The attack on Kryvyi Rih came after Kremlin special envoy Kirill Dmitriev flew to Washington — granted a special suspension of sanctions so he could obtain a visa — for lengthy talks with Donald Trump’s envoy Steve Witkoff. 

Almost schizophrenic?

The strike on Sumy was launched after Witkoff traveled to St. Petersburg, where he met with Vladimir Putin for four and a half hours, bidding him farewell with a hand over his heart.

At first glance, it all seems almost schizophrenic: ramping up military aggression just as the new U.S. administration offers Putin unprecedented overtures.

“Russia alone wanted this war. Today, it is clear that it is Russia alone that chooses to pursue it,” French President Emmanuel Macron declared on Sunday, pointingly adding that the Kremlin has shown “disregard for human life, international law, and President Trump’s diplomatic efforts.”

Toys and floral tributes left in a playground near a site of Russian missile attacks in Kryvyi Rih, southern Ukraine, on April 9, 2025. Source: Kyodonews/ZUMA

A chilling message

Trump himself was name-checked on Sunday by numerous Ukrainian and European politicians, seemingly in a bid to push him into action against a Russia that is clearly rebuffing his diplomacy.

But if there’s any logic at all behind Putin’s strategy, it might be this: to terrorize the Ukrainian people and send President Volodymyr Zelensky and his citizens a chilling message — that the worst is yet to come, and the cost of resistance will only keep rising.

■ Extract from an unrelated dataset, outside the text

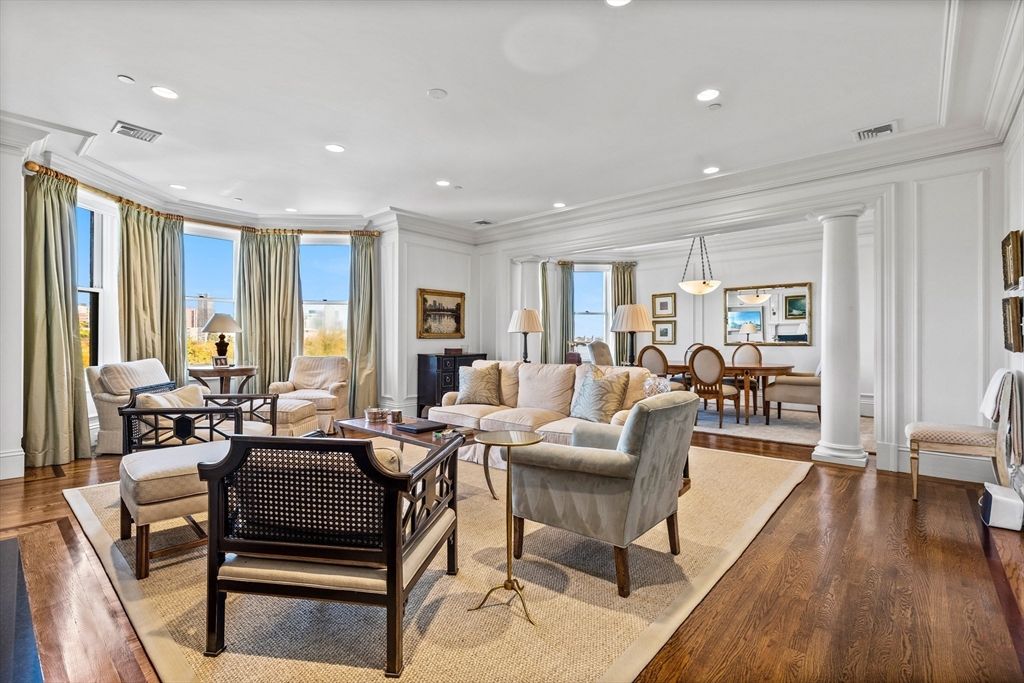 Dining room, Interior, Living room, Pendant Lights, Recessed Lighting, Wood Texture Flooring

Any hope for a ceasefire has so far existed only in Trump’s imagination.

Back when Joe Biden was in the White House, every civilian massacre only reinforced Washington’s conviction that Putin was a “killer” who had to be stopped. But with Trump, the calculus may have flipped: the Republican has repeatedly vowed to “end the war” quickly — not to restore justice or uphold the rule of law. His envoy Witkoff has even publicly defended some of Putin’s territorial demands.

In truth, any hope for a ceasefire has so far existed only in Trump’s imagination.

The Kremlin has never once hinted at wanting to end the war without the complete capitulation of Ukraine. “Putin can’t afford a ceasefire without territorial gains — it would be seen as a moral defeat by his hardline supporters,” writes exiled Russian political analyst Vladimir Pastukhov.

What Putin risks

Ukraine, for its part, will never agree to surrender territories currently occupied by Russia, which are still home to at least a million Ukrainian citizens.

All of this means that the only way to force Kyiv into concessions is to subject it to an even bloodier, more relentless campaign of civilian massacres — more brutal than what even Western public opinion has sadly grown used to after more than three years since the full-scale invasion.

Yes, by escalating the bombings, Putin risks provoking Trump’s wrath eventually. But something in his backchannel dealings with Witkoff seems to suggest he considers that risk manageable — a risk worth taking if it means he can do what he’s always intended to do: keep the war going.